=== Section Start ===

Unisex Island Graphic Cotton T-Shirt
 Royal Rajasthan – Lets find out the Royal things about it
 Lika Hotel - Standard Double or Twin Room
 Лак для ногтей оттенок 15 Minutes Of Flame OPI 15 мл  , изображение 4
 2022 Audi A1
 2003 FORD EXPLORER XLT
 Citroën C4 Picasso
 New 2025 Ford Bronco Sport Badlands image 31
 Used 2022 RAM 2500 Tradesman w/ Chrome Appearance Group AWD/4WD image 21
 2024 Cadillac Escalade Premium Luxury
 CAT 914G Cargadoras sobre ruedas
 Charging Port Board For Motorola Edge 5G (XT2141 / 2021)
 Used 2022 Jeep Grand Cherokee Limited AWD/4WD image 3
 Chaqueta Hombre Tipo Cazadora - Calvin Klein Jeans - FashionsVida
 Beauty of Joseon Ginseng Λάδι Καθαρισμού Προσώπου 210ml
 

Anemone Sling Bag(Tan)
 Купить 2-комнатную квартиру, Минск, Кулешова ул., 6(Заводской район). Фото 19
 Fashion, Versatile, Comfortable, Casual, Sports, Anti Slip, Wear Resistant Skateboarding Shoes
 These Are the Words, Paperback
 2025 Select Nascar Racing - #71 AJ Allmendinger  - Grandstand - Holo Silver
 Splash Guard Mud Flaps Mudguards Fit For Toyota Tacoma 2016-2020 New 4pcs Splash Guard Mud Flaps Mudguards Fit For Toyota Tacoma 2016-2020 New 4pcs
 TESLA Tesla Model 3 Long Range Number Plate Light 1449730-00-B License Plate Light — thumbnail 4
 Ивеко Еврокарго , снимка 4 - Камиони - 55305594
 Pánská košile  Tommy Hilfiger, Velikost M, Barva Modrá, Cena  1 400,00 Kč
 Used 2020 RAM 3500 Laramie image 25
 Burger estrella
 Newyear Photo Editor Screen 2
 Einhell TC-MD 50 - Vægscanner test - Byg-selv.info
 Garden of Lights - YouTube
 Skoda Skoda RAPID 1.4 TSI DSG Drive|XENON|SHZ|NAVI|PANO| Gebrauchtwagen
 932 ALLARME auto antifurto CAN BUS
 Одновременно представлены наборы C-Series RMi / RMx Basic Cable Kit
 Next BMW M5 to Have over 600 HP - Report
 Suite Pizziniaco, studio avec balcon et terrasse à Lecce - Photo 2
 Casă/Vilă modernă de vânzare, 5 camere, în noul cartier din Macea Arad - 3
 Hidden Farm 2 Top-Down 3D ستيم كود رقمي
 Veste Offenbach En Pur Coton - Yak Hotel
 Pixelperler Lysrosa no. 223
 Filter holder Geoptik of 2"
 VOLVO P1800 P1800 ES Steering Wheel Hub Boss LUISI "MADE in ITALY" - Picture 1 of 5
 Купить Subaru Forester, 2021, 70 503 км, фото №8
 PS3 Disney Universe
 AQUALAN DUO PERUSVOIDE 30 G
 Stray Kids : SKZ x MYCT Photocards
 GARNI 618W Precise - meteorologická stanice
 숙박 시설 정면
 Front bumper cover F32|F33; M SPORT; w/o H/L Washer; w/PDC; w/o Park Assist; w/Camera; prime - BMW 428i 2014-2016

=== Section End ===

■ **Aim of the exercise**
Your task is to repeat the entries exactly.

■ **Response area**
Unisex Island Graphic Cotton T-Shirt
 Royal Rajasthan – Lets find out the Royal things about it
 Lika Hotel - Standard Double or Twin Room
 Лак для ногтей оттенок 15 Minutes Of Flame OPI 15 мл  , изображение 4
 2022 Audi A1
 2003 FORD EXPLORER XLT
 Citroën C4 Picasso
 New 2025 Ford Bronco Sport Badlands image 31
 Used 2022 RAM 2500 Tradesman w/ Chrome Appearance Group AWD/4WD image 21
 2024 Cadillac Escalade Premium Luxury
 CAT 914G Cargadoras sobre ruedas
 Charging Port Board For Motorola Edge 5G (XT2141 / 2021)
 Used 2022 Jeep Grand Cherokee Limited AWD/4WD image 3
 Chaqueta Hombre Tipo Cazadora - Calvin Klein Jeans - FashionsVida
 Beauty of Joseon Ginseng Λάδι Καθαρισμού Προσώπου 210ml
 

Anemone Sling Bag(Tan)
 Купить 2-комнатную квартиру, Минск, Кулешова ул., 6(Заводской район). Фото 19
 Fashion, Versatile, Comfortable, Casual, Sports, Anti Slip, Wear Resistant Skateboarding Shoes
 These Are the Words, Paperback
 2025 Select Nascar Racing - #71 AJ Allmendinger  - Grandstand - Holo Silver
 Splash Guard Mud Flaps Mudguards Fit For Toyota Tacoma 2016-2020 New 4pcs Splash Guard Mud Flaps Mudguards Fit For Toyota Tacoma 2016-2020 New 4pcs
 TESLA Tesla Model 3 Long Range Number Plate Light 1449730-00-B License Plate Light — thumbnail 4
 Ивеко Еврокарго , снимка 4 - Камиони - 55305594
 Pánská košile  Tommy Hilfiger, Velikost M, Barva Modrá, Cena  1 400,00 Kč
 Used 2020 RAM 3500 Laramie image 25
 Burger estrella
 Newyear Photo Editor Screen 2
 Einhell TC-MD 50 - Vægscanner test - Byg-selv.info
 Garden of Lights - YouTube
 Skoda Skoda RAPID 1.4 TSI DSG Drive|XENON|SHZ|NAVI|PANO| Gebrauchtwagen
 932 ALLARME auto antifurto CAN BUS
 Одновременно представлены наборы C-Series RMi / RMx Basic Cable Kit
 Next BMW M5 to Have over 600 HP - Report
 Suite Pizziniaco, studio avec balcon et terrasse à Lecce - Photo 2
 Casă/Vilă modernă de vânzare, 5 camere, în noul cartier din Macea Arad - 3
 Hidden Farm 2 Top-Down 3D ستيم كود رقمي
 Veste Offenbach En Pur Coton - Yak Hotel
 Pixelperler Lysrosa no. 223
 Filter holder Geoptik of 2"
 VOLVO P1800 P1800 ES Steering Wheel Hub Boss LUISI "MADE in ITALY" - Picture 1 of 5
 Купить Subaru Forester, 2021, 70 503 км, фото №8
 PS3 Disney Universe
 AQUALAN DUO PERUSVOIDE 30 G
 Stray Kids : SKZ x MYCT Photocards
 GARNI 618W Precise - meteorologická stanice
 숙박 시설 정면
 Front bumper cover F32|F33; M SPORT; w/o H/L Washer; w/PDC; w/o Park Assist; w/Camera; prime - BMW 428i 2014-2016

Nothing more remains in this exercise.